THE WONDERFUL GOLDEN RETRIEVER
Dogs are living, breathing representations of culture, time, and society. As we know them today, dogs are inexplicably tied to those who developed the breeds for particular tasks. Some breeds exist entirely due to one person, and some breeds are products of specific classes or cultures. Civilization is the intersection of people and their environment, and the same can be said about the dogs. They have coats to survive the local climate, and characters that fit into the day's social needs, and body styles developed to navigate native terrains. Dogs are reflections of the cultures that nurtured and developed them. We rediscover cultural diversity and heritage through our dogs. Over the centuries, many breeds have become linked with a particular ethnic groups, countries, or social classes. Golden Retrievers have become a staple of the American household, with movies like Air Bud solidifying their status.
The story of the Golden Retriever is all about transformation. It starts with a dog that had a color that was considered undesirable, an ambitious man born with means but no title, and a mansion reduced to ruins. We must go back to early 19th-Century England, when class distinctions were unmistakable, to understand this story. Born in 1820 to a successful Scottish banker, that's the socially stratified world in which Dudley Coutts Marjoribanks was born. He recorded every breeding he did in a leather-bound book kept securely at the Kennel Club in England even today. With a house in England and a countryside manor named Guisachan, where Marjoribanks would later breed the first Golden Retriever.
For many years, it was thought that Marjoribanks had purchased Russian circus dogs and started breeding his famous yellow-coated dogs, leading to Golden Retrievers. But the truth is much more straightforward. On a walk with his son in 1865, Marjoribanks came across Nous, a wavy-coated dog. He belonged to a cobbler who had gotten Nous to settle a debt from an employee of a local nobleman. Nous was gold-colored, but it was known that he had black colored parents. Black sporting dogs were fashionable in the 19th century and were considered better hunters, with most if not all non-black puppies being given away freely.
Nous was later bred with a Tweed Water Spaniel, Belle, three years after Nous joined Marjoribanks’ family. Now extinct, Tweed spaniels were liver-colored cousins to Irish Water Spaniels and associated with the River Tweed Valley's fishermen. It was a winning combination. The crossing of a retriever to a water spaniel created a lively hunter capable of traversing both land and water to hunt partridge, grouse, and red deer. The famous 1868 litter contained the florally monikered puppies considered the world's first Golden Retrievers – Cowslip, Crocus, and Primrose.

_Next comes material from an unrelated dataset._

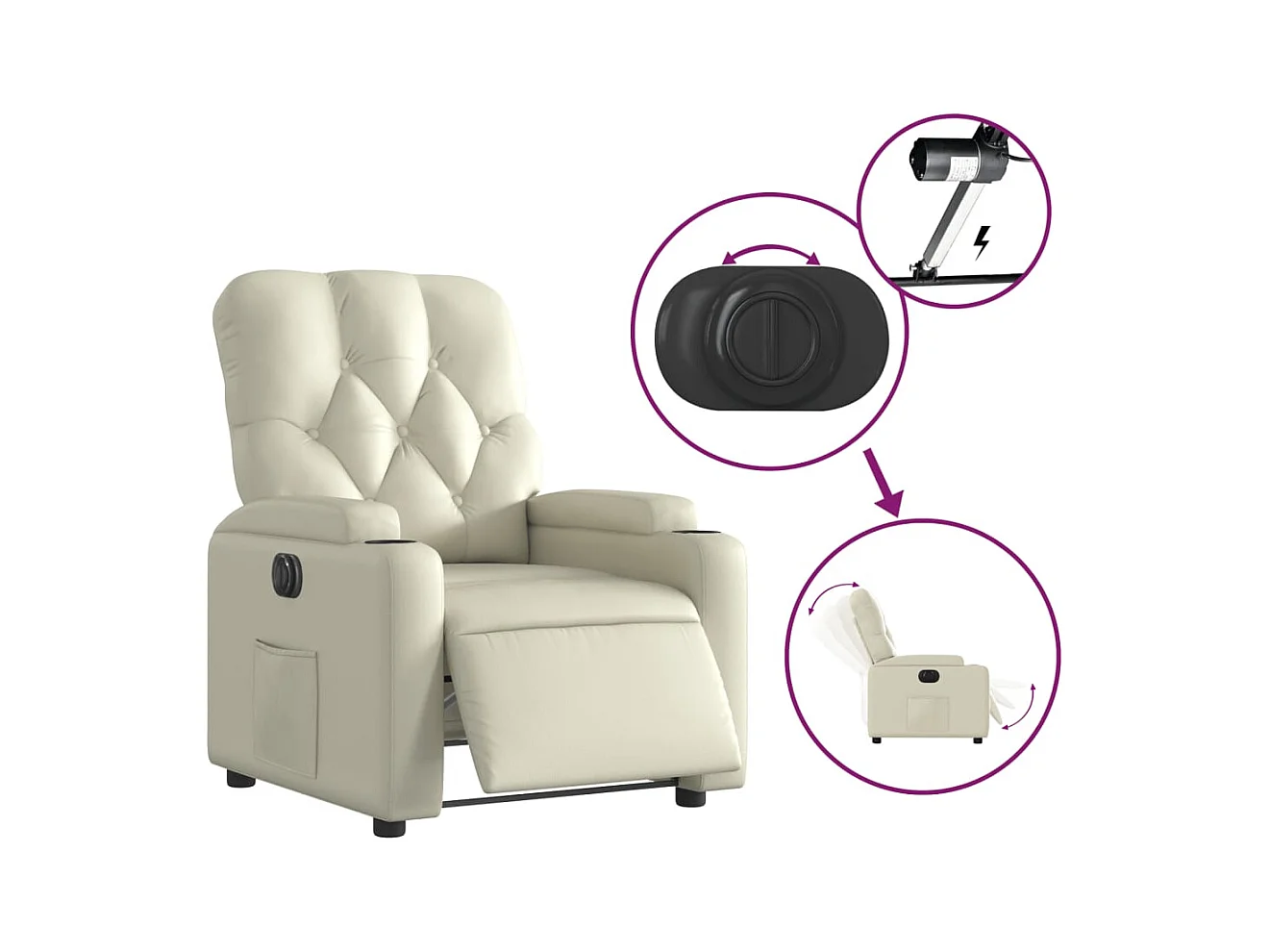 Fauteuil inclinable électrique Crème Similicuir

The gold-colored Marjoribanks retrievers weren't widely dispersed like the floral namesake of the three pups. Instead, they were only gifted with great delicacy to family and friends. They only went to those who valued them as the ultimate hunting dog for a gentleman. Crocus was given Marjoribanks' son Edward, who also owned Sampson, a red setter, which might explain the red color sometimes seen in Golden Retrievers today. Like the wildflowers for which the first Golden Retrievers were named, dogs can settle and thrive in any place. And as any breed's popularity blossoms, they brighten their new homes, always carrying with them a piece of the places, and people, that brought them into being. Golden Retrievers are now one of the most popular dogs in the United States. They are common movie, television, and commercial stars, as well as popular service and rescue dogs! One such pup is Orca, who received a Gold Medal from the PDSA. Orca got help when his wheelchair-using human fell and was pinned face-down next to water, in a ditch underneath her motorised wheelchair. Orca broke free from his collar after the first person he encountered believed he was lost and tried to lead him away, and eventually led his companion’s neighbour to the scene of the accident, saving her life.
Golden Retrievers are incredibly intelligent and have a variety of jobs in our modern society, make great companions, and are adorable, and we have Dudley Coutts Marjoribanks to thank for them.